Leaving aside hashing and suchlike, we've used this for a while in multiple
places.
It's a ripoff of the C binsrch algorithm in the Tenenbaum data structures book,
so there's nothing ~that~ proprietary about it.
I edited it to take out our specific stuff, so check carefully as I may have
missed a variable.
I'm sure it's easy to rip apart from an elegance standpoint, but it does what
it says on the tin well enough.
I removed all our site specific macros, so you should be able to adapt it
easily enough.
***********************************************************************
* BINARY SEARCH FOR REQUESTED TABLE ENTRY *
* NTRY: R1: KEY TO FIND *
* EXIT: FULL: A(RECORD) - CC:EQ *
* FULL: A(INSERTION POINT) - CC:NEQ *
***********************************************************************
SPACE 1
BSRCH <use your favorite register preserving macro>
LR R4,R1 R4 = A(KEYARG)
L R5,=A(YOUR TABLE) R5 = A(START OF DATA)

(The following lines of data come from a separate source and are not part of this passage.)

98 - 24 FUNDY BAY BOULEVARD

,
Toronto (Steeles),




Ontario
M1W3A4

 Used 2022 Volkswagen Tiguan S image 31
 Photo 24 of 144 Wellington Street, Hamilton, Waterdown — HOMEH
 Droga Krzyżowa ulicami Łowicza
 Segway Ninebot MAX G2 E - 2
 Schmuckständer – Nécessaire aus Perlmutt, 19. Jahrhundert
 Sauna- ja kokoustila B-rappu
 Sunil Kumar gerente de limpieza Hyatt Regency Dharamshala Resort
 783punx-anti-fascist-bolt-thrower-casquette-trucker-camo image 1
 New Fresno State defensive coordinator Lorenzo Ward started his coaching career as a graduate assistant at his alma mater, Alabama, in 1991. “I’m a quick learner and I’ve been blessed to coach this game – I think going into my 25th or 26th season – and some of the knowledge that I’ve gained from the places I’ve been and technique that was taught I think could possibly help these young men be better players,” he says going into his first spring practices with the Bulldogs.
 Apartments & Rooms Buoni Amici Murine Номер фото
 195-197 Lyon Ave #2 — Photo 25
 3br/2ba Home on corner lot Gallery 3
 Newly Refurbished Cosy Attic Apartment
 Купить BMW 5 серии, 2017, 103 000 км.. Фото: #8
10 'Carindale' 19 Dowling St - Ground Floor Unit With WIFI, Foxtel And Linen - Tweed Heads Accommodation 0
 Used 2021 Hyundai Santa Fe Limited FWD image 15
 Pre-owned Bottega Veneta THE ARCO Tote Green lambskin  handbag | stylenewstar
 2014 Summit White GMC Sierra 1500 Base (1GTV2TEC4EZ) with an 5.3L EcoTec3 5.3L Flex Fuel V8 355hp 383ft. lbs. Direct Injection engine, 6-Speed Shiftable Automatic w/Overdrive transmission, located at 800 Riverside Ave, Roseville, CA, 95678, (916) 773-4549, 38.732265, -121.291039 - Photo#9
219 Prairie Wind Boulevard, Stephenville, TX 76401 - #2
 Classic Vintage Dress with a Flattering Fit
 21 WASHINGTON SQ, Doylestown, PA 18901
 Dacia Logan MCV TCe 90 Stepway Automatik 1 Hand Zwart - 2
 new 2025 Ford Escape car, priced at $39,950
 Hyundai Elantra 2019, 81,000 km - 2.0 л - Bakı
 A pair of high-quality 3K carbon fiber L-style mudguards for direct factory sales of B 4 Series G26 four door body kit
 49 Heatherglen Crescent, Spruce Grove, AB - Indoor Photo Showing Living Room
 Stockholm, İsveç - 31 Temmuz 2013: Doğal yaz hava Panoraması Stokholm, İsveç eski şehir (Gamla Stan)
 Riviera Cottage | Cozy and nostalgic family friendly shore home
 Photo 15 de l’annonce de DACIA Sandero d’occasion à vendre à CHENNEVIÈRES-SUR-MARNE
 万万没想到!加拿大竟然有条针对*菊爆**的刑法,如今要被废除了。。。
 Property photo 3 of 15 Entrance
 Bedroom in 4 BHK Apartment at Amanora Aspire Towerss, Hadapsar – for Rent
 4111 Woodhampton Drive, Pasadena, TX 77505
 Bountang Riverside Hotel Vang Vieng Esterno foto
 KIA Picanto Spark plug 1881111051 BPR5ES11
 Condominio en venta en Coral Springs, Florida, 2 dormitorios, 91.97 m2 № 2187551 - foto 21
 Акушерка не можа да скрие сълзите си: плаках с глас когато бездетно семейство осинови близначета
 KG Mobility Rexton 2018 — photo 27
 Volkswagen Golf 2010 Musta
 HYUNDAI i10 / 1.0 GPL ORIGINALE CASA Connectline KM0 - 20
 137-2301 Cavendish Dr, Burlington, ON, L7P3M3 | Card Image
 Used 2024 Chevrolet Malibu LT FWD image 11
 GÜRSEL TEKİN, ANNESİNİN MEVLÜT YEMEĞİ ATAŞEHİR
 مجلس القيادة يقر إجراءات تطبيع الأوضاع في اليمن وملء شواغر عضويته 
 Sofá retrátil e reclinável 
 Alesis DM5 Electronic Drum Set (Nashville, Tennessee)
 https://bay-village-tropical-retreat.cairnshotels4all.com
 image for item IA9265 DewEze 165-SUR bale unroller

L R0,=A(length of table) R0 = LENGTH OF DATA IN
BUFFER
SRDL R0,32
*
LHI RF,l'single entry RF = LENGTH OF SINGLE ENTRY
DR R0,RF
CHI R1,6
BL SQSRCH LESS THAN 6 - DO SEQUENTIAL SEARCH
*
XR R0,R0 R0 = LOW
BCTR R1,0 R1 = HIGH
LHI RE,l'key-1 RE = L'KEY-1
*
BSRCH02 CR R0,R1 WHILE LOW <= HIGH
BH BSRCH04 R0 POINTS TO INSERTION POINT
*
LR R3,R0 R3 = MID
AR R3,R1
SRL R3,1 MID=(HIGH+LOW)/2
*
LR RF,R3
MH RF,ISKEYLN4
AR RF,R5 RF=A(TEST ENTRY)
*
EX RE,BSMTCH TRY TO MATCH KEY
BE BSXIT KEY == K(MID)
*
BL *+12
LA R0,1(R3) IF CC HIGH : LOW = MID+1
B BSRCH02
*
LR R1,R3 IF CC LOW : HIGH = MID-1;
BCTR R1,0
B BSRCH02
*
BSRCH04 LR RF,R0
MH RF,ISKEYLN4
AR RF,R5
B BSXIT
*
SQSRCH L RF,=A(YOUR TABLE)
L R1,=A(YOUR TABLE)
A R1,=a(l'table)
AHI R1,l'entry R1 = A(LAST ENTRY)
*
LHI R0,l'entry R0 = L'ENTRY
LHI RE,l'key-1 RE = L'KEY-1
*
SSRCH02 EX RE,BSMTCH TRY TO MATCH KEY
BNH BSXIT
BXLE RF,R0,SSRCH02
DC H'0'
*
BSMTCH CLC 0(0,R4),0(RF) COMPARE REQUESTED KEY WITH RECORD
*
BSXIT ST RF,FULL
<restore your registers>
-----Original Message-----
From: IBM Mainframe Assembler List [mailto:[email protected]] On
Behalf Of Rob van der Heij
Sent: Monday, October 21, 2013 7:50 AM
To: [email protected]
Subject: Re: Linear search vs binary
If you want to make it 4096 entries, you could step through the table with
binary search very cheap by shifting a mask on each pass. I would already think
about it with 35 entries... ;-)
On 21 October 2013 13:32, Dougie Lawson <[email protected]> wrote:
> If I have a table of 3,500 entries of twelve bytes (I'm doing a
> compare of eight bytes to find the entry I'm looking for and a check
> on a half word marker for the end of the table to avoid running off
> the end) then is it worth the pain of re-writing it as a binary search.
>
> If it is worth the pain and does anyone have a sample binary search
> tucked away.
>
> The table is built into a CSECT at the bottom of my code. I can
> restructure it if we need any special pointers to make a binary search work.